小学三年级,当时的台湾仍很穷。这天课堂上老师谈到电器,便要同学说说家里的电器。我第一个被点名,想了很久才回答,电锅、电扇、电灯泡。“电灯泡”才出口,老师和同学就笑开了,因为别人讲的是电视、电冰箱、电唱机,甚至还有人说电热毯——毯子有电,不会电死人吗?
从此别人的嘲笑就跟了我半辈子,包括的范围很广,像我初中进了台北最好的大同中学,上学途中遇到小学三年级的电器老师,他见到我的制服竟目瞪口呆,问:张国立,你进了大同啊?

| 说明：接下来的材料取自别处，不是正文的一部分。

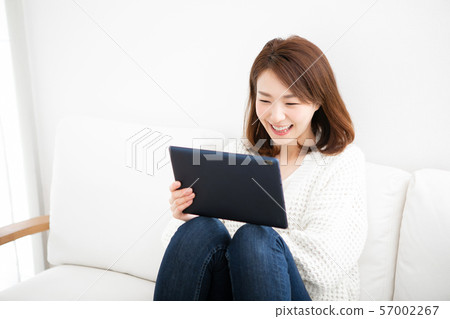 有片劑的一名微笑的婦女 57002267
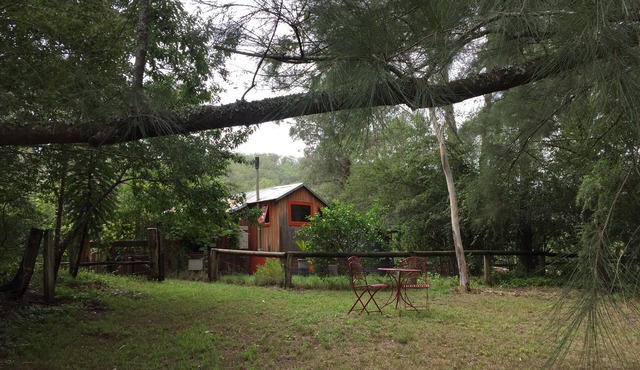 The Lodge - A Rustic Weekender in the Heart of Historic Wollombi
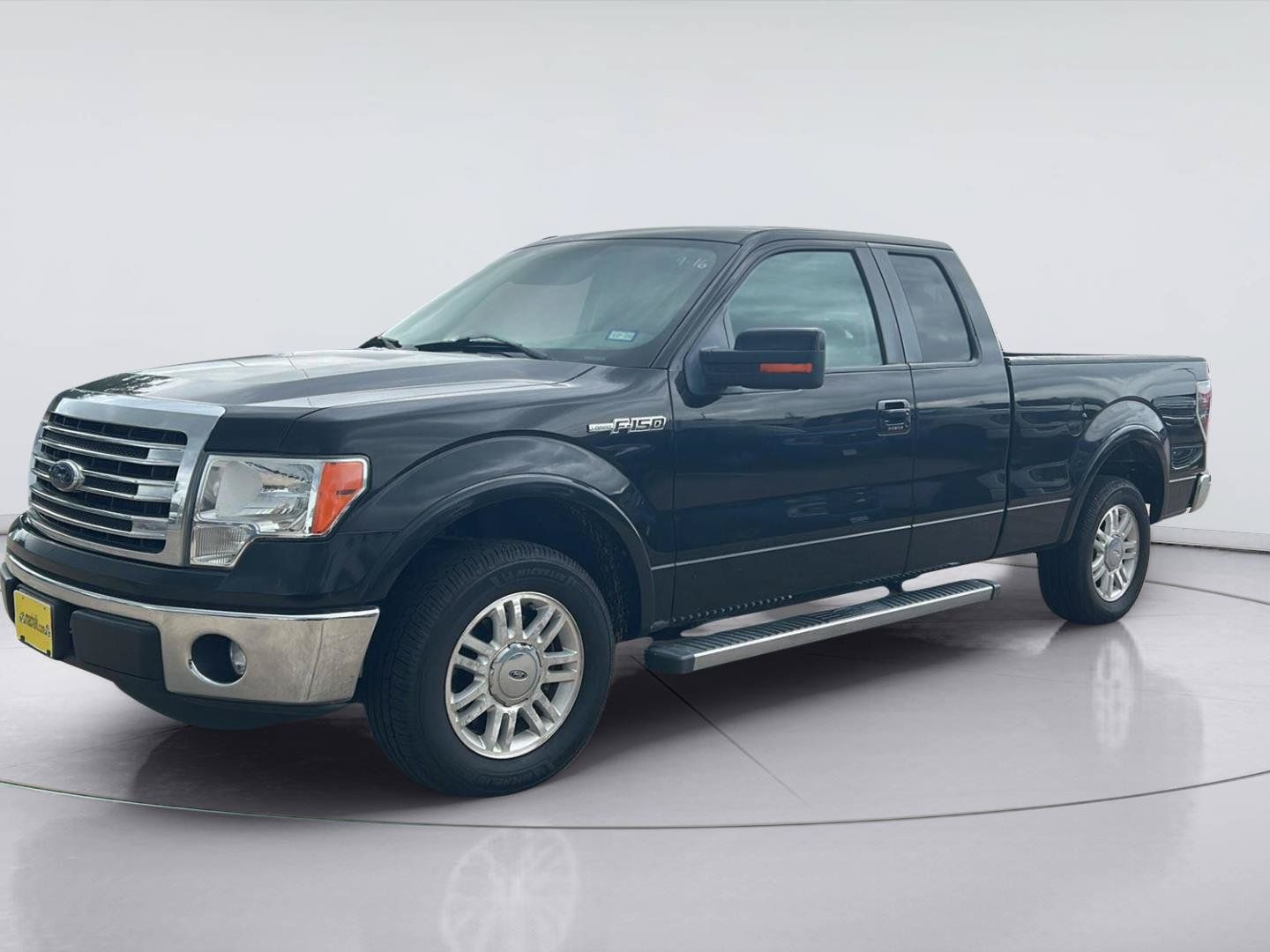 Used 2013 Ford F150 Lariat w/ Mid Equipment Group RWD image 1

我很得意地点点头,但事后得知他问了其他同学,才知道我念的是大同中学夜间部,同学转述老师的话:“我就知道。”
给自己取了个名词——夹缝中的人。例如初中时我念的是大同中学夜间部,听到的人都会发出“喔~”的长声。夜间部是夹缝中的学校。后来高中考台北市立学校的联招,考进最后一个志愿复兴中学。按照认知标准,念市立学校表示功课不错,可是最后一个志愿,就“喔~”啦。

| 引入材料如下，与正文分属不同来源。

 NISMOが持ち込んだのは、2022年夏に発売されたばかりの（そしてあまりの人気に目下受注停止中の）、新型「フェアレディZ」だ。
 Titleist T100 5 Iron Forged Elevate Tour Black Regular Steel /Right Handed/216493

高中时学校挑选篮球校队的成员,我也跟着一帮子人起哄去报考,只见全场几百只眼睛盯着我带球上篮,自认很美妙的姿势,但球没进,人也摔个脸着地,听到教练不耐烦的声音喊:下一个。
等到考大学,名落孙山,我这个呆子还以为只差三分,虽败犹荣,但一个和我交情不是很好的同学私下这么对其他人说:“我就知道,张国立会考上——才怪。”

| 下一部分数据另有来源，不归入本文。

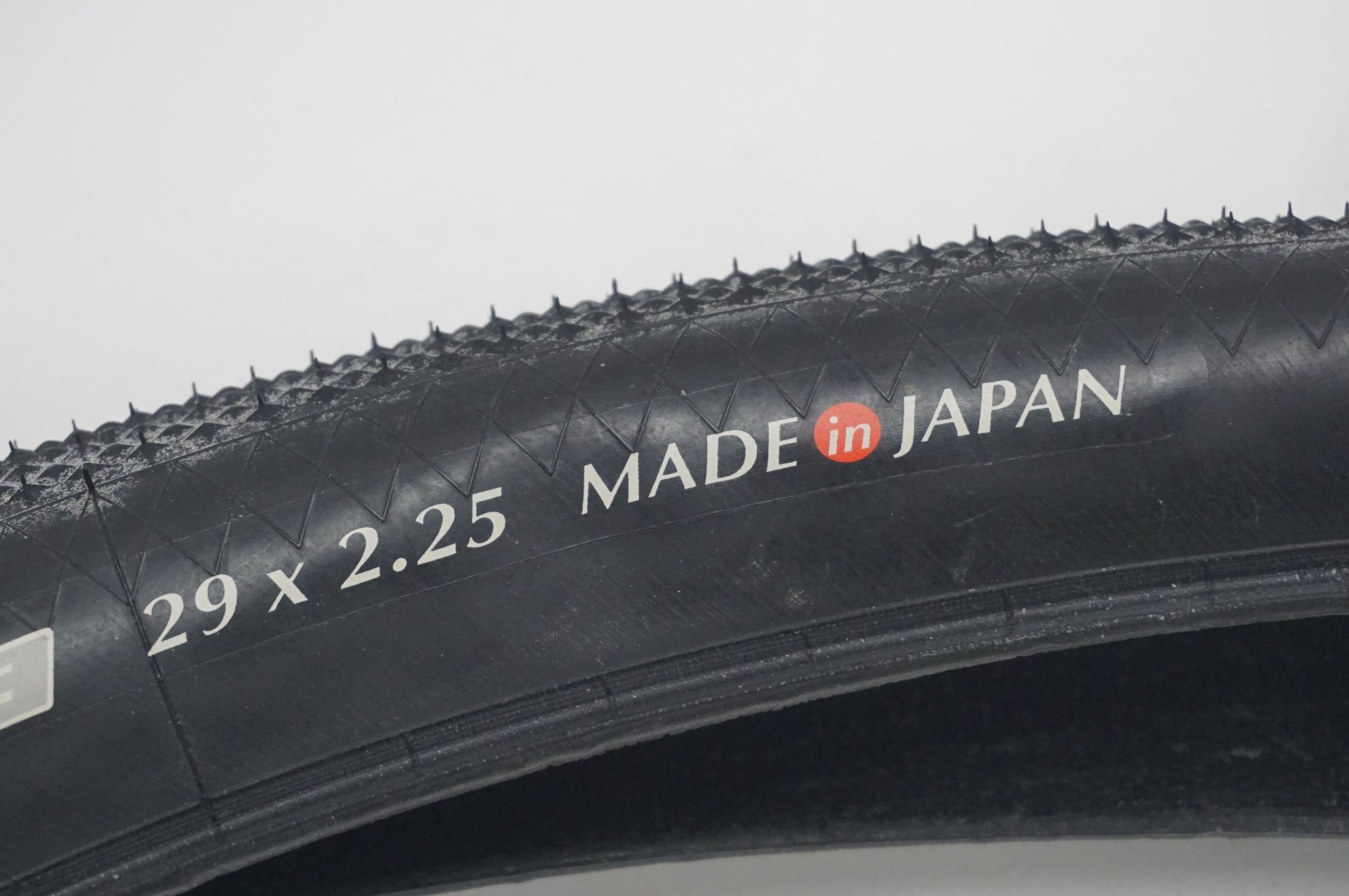 IRC 「アイアールシー」 MARBELLA 29×2.25インチ タイヤセット / 福岡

第二年卷土重来,那时也是联合招生,按照分数和志愿分发学校,总算老天给我一个机会,考上了辅仁大学,但解释起来又颇费功夫,因为是日文系。
那时的辅仁外语学院以德文、英文、法文出名,于是大家先听到我念辅仁,都点头称是,再听到日文系,当然又“喔~”了。